Wednesday 5 June 2013

Coach Gregg Popovich just doesn’t want the San Antonio Spurs to be gross

San Antonio Spurs head coach Gregg Popovich was by most accounts gregarious, loquacious and engaged during his media session at practice in Miami on Wednesday, one day before Game 1 of his team's NBA Finals matchup with the Miami Heat tips off at AmericanAirlines Arena. Perhaps his finest answer, both in chuckle-inducing and hoops specificity, came in response to a detailed query from Wall Street Journal reporter Chris Herring about both conference champions' ability to perform well enough in certain areas to mitigate perceived weakness in others.

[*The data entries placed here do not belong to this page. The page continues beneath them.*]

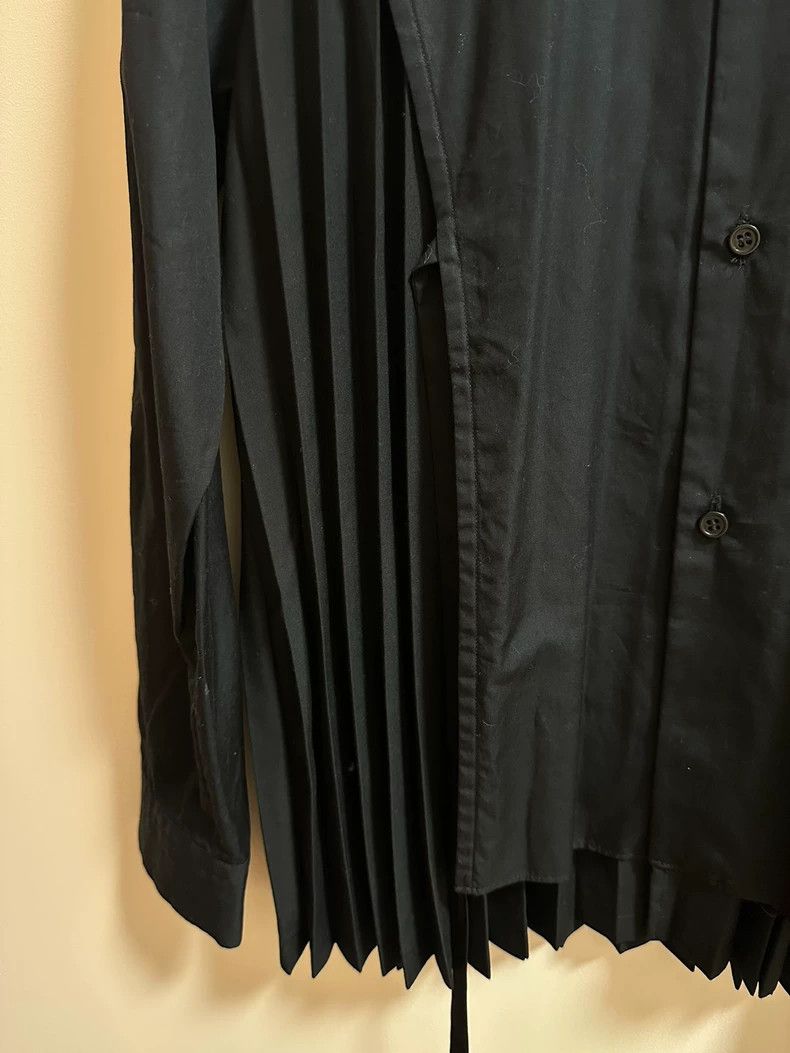 Comme des Garcons Comme des Garcons Black pleated shirt Size M / US 6-8 / IT 42-44 - 5 Thumbnail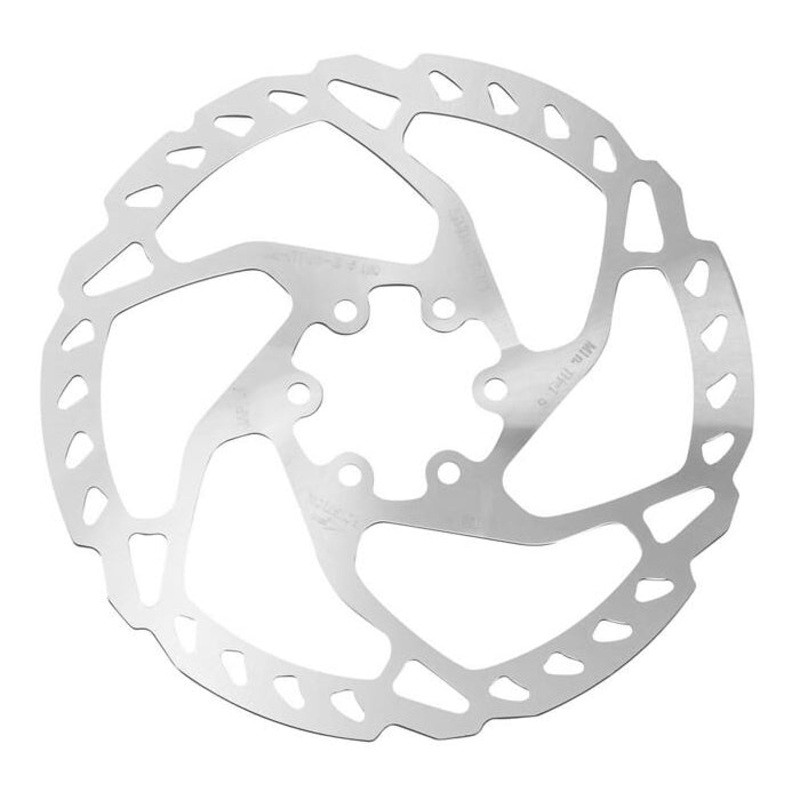 Shimano SLX SM-RT66 6 Bolt Disc Brake Rotor - 180mm - 6 Bolt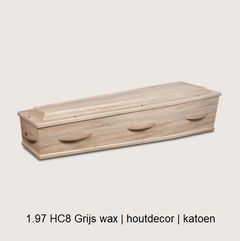 1.97 HC8 Grijs wax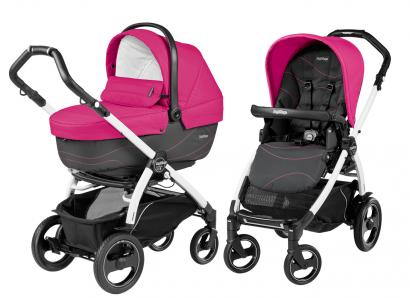 Коляска 2 в 1 Peg Perego Book 51 S XL Modular (шасси White/Black)
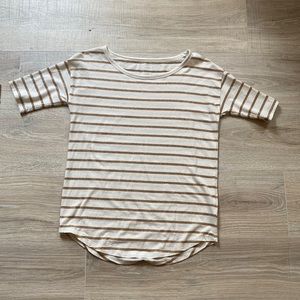 striped t shirt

After first poking fun at Herring for being long-winded — "That's a really long question" — Pop offered a revealing and funny answer that started by poking a hole in the validity of 3-point percentage allowed as a defensive statistic (something Kevin Pelton, among others, has written about) and continued by underlining what feels like a pretty neat unifying theory of winning:

It really comes down to being able to make stops when you need them, making buckets when you need them, and not being gross. By "gross" I mean, in one game you get 23 turnovers and they get 27 points off those turnovers. You might have a hard time that night, or you shot 32 percent from the field. But you can be 2 for 26 from three and win. Because maybe something else. So everything being copacetic, maybe shots and making stops on demand wins a lot of games.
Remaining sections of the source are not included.